Dataset records:

•••

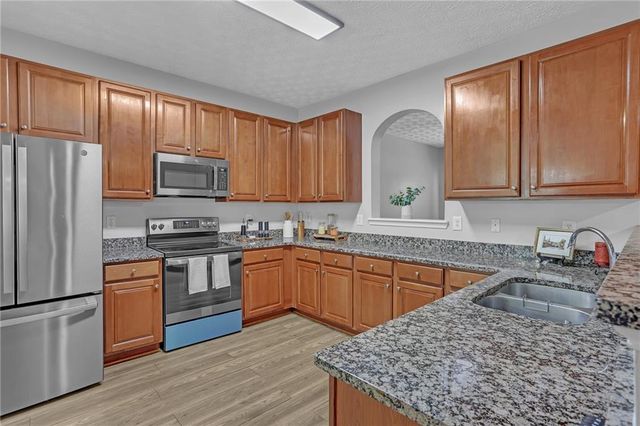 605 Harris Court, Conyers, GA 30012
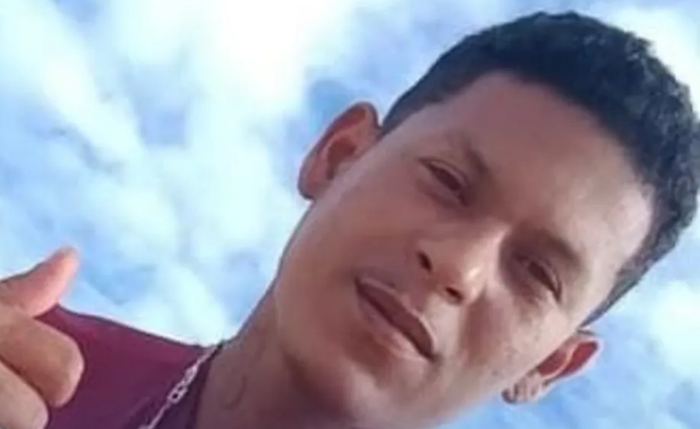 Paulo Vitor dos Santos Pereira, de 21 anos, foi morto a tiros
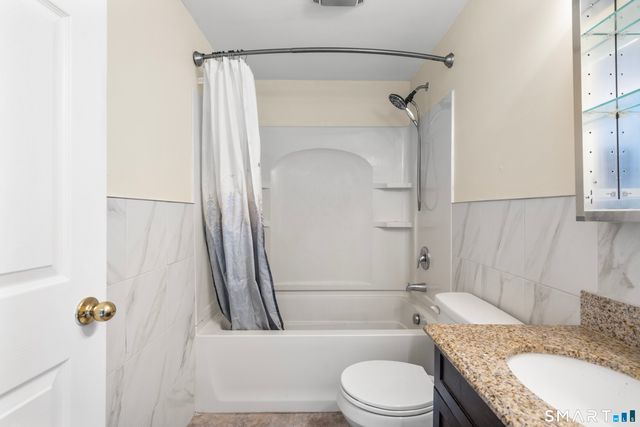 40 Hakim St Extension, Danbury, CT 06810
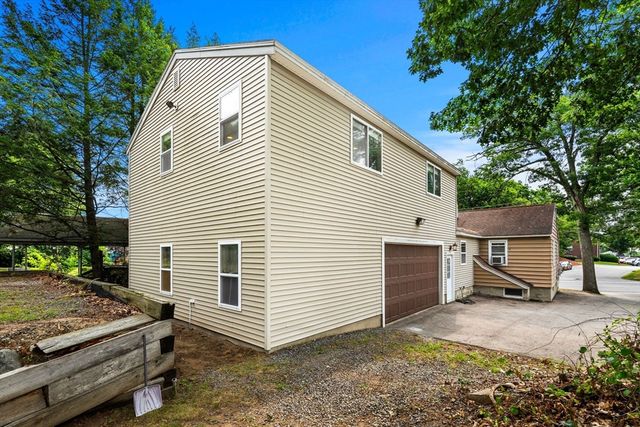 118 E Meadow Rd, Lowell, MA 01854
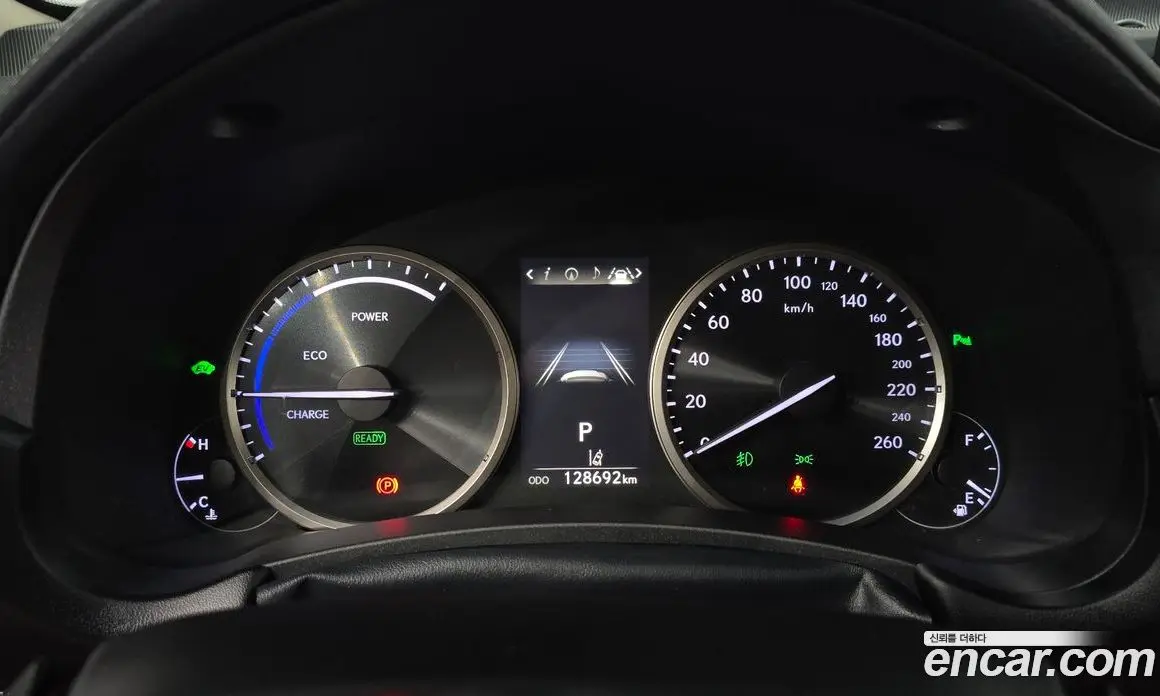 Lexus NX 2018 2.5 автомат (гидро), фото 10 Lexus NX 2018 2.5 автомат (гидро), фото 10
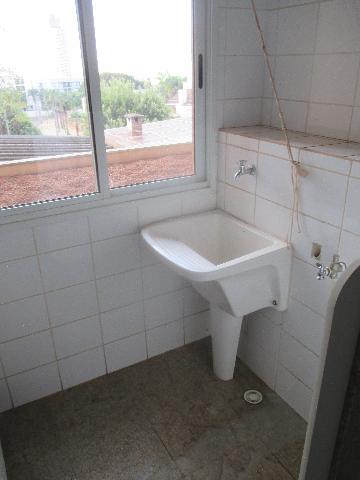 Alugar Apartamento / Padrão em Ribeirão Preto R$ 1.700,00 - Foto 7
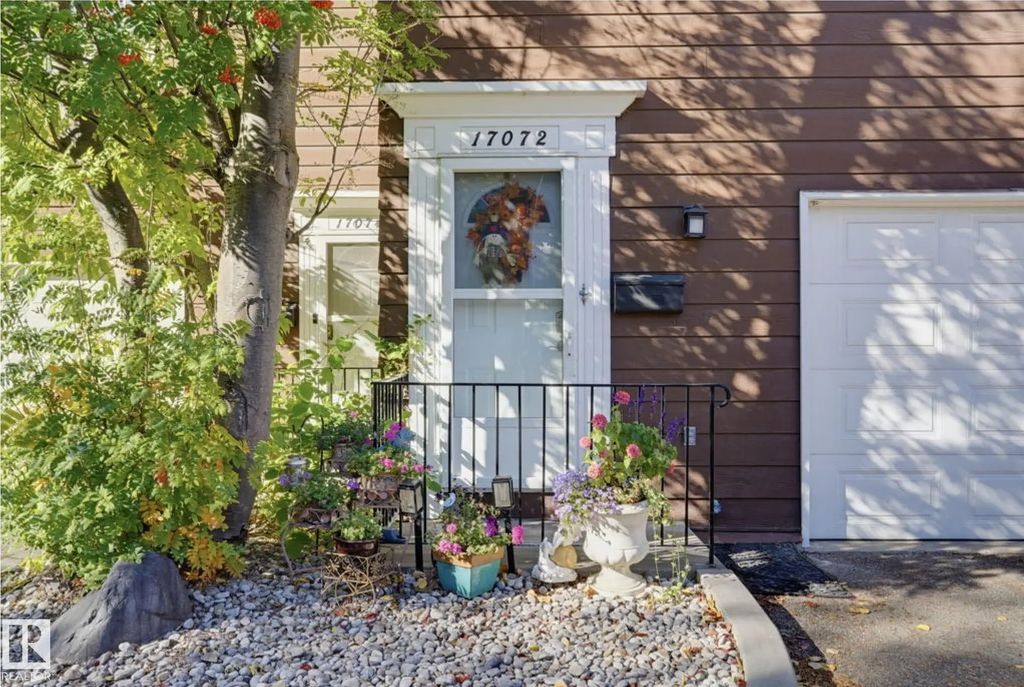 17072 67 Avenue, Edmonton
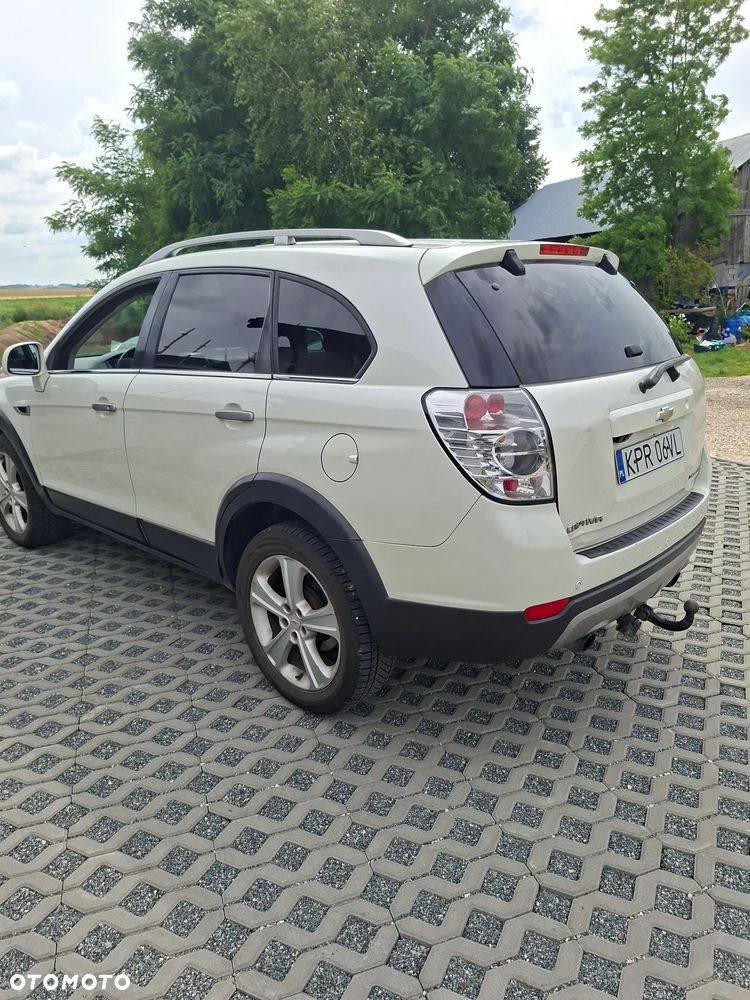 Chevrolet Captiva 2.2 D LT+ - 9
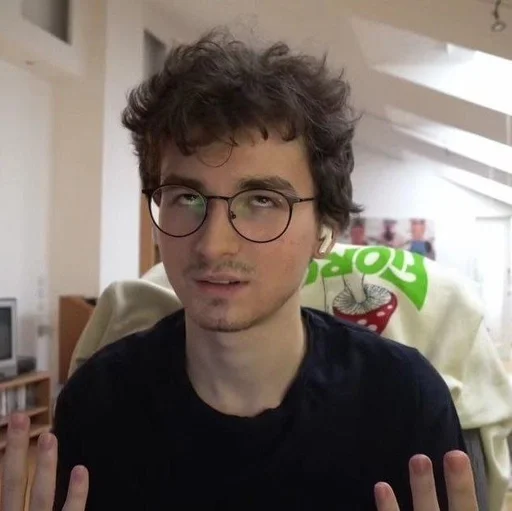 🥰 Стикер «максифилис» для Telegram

•••

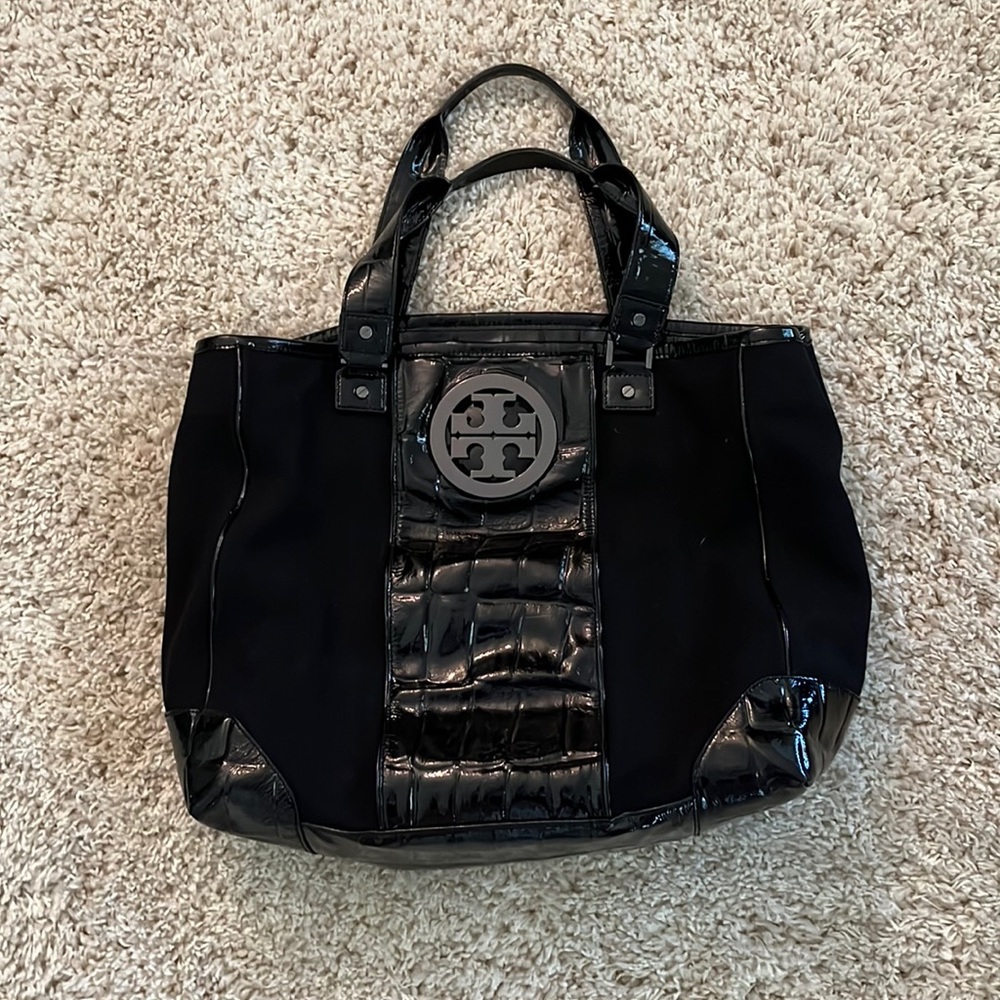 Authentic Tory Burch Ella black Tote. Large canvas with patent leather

•••

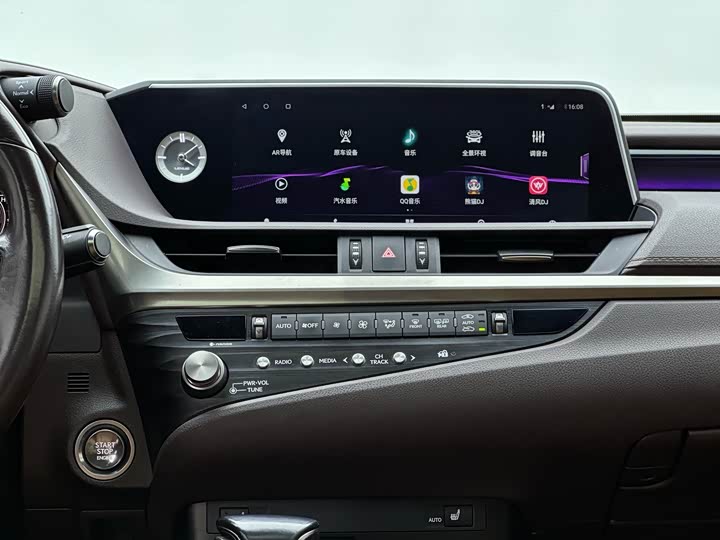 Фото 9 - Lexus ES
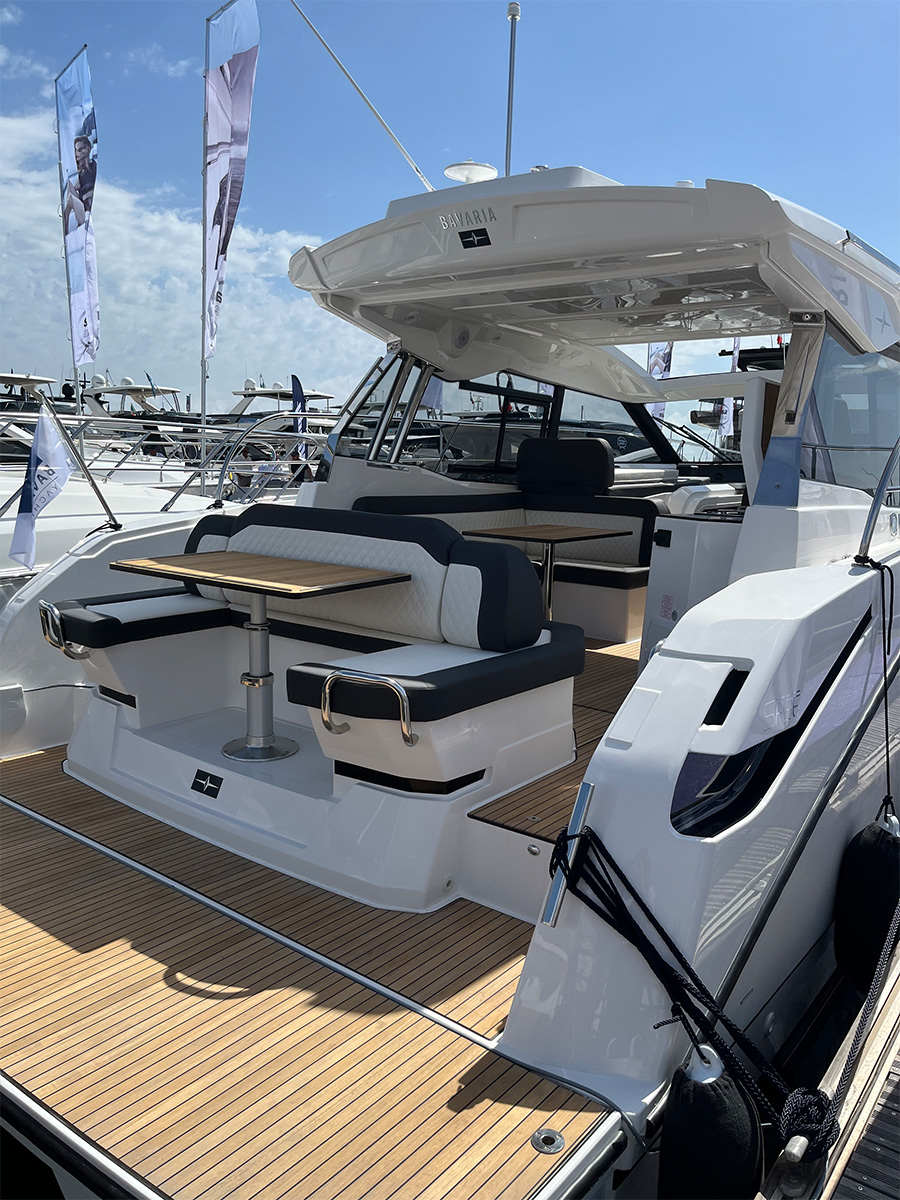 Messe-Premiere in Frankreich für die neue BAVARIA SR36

•••

What the task requires: Using the records above, return word for word the lines that begin at the one containing "Фото 9 - Lexus ES" and end at the one containing "Messe-Premiere in Frankreich", both of them included and no pictures.

Task response:
 Фото 9 - Lexus ES
 Messe-Premiere in Frankreich für die neue BAVARIA SR36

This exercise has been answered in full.